Por que existe o controle de constitucionalidade?
O controle de constitucionalidade é o mecanismo jurídico que garante que todas as normas e atos estejam em conformidade com a Constituição. “Ele é necessário porque ela ocupa o lugar mais alto na hierarquia das normas jurídicas”, diz o advogado constitucionalista Álvaro Jorge, professor da FGV Direito Rio.
A existência de instrumentos que permitam a verificação da compatibilidade entre normas infraconstitucionais e o texto constitucional é o que confere efetividade à ideia de “supremacia constitucional”. “Todos os atos do Estado, inclusive os de particulares, precisam estar em conformidade com ela”, diz Jorge.

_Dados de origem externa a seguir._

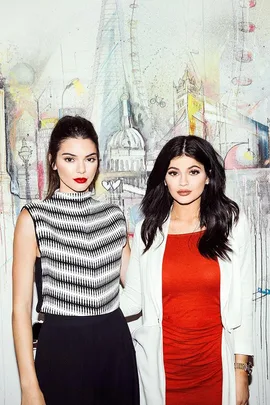 Two women posing in front of an artistic London cityscape mural, one in a striped top and the other in a red dress.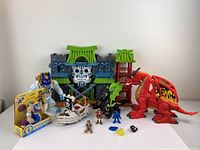Front view of the toy castle, dragons, pirate ship, boxed figure, and small character figures arranged together.
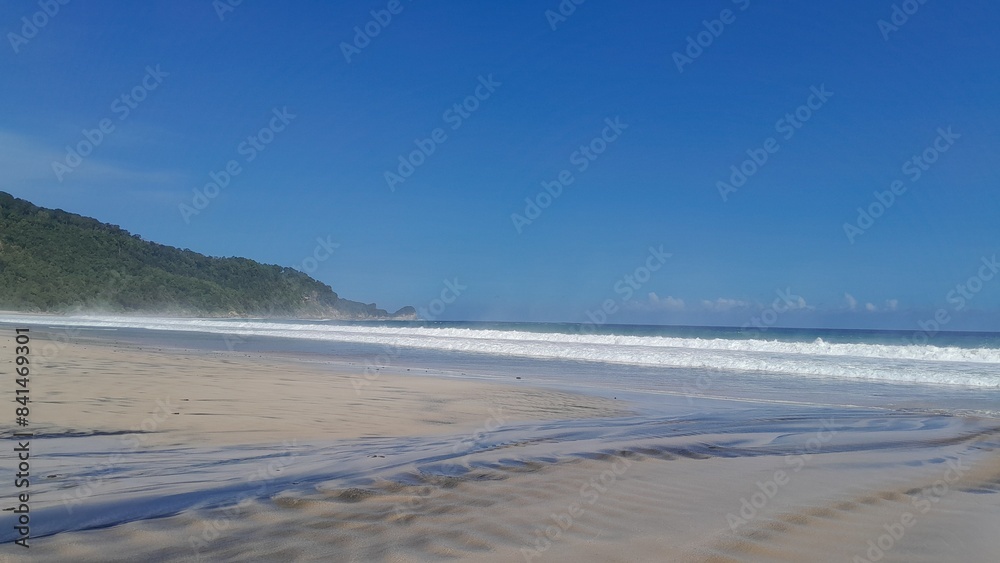 Beautiful beach with waves breaking on the rocks, Malang Modangan, East Java, Indonesia Beautiful beach with waves breaking on the rocks, Malang Modangan, East Java, Indonesia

Ele frisa que, embora o STF tenha a última palavra, todos os Poderes exercem algum tipo de controle de constitucionalidade. Por exemplo, o Executivo pode vetar leis por razões constitucionais e o Legislativo faz análises prévias nas Comissões de Constituição e Justiça. Mas é o STF, conforme o artigo 101 da Constituição, que é o “guardião” da Carta.
ADI, ADC, ADPF e ADO
O sistema jurídico brasileiro prevê diferentes tipos de ações para o controle concentrado de constitucionalidade: a Ação Direta de Inconstitucionalidade (ADI), a Ação Declaratória de Constitucionalidade (ADC), a Arguição de Descumprimento de Preceito Fundamental (ADPF) e a Ação Direta de Inconstitucionalidade por Omissão (ADO). Veja as suas diferenças no quadro abaixo:

Esses dispositivos visam manter a coerência do ordenamento jurídico e prevenir abusos legislativos. “É um mecanismo objetivo de tutela da Constituição, voltado a retirar do ordenamento normas incompatíveis ou, em caso de omissão, compelir o legislador a agir”, ressalta José Miguel Garcia Medina, sócio do Medina Guimarães Advogados e professor da Universidade Estadual de Maringá (UEM).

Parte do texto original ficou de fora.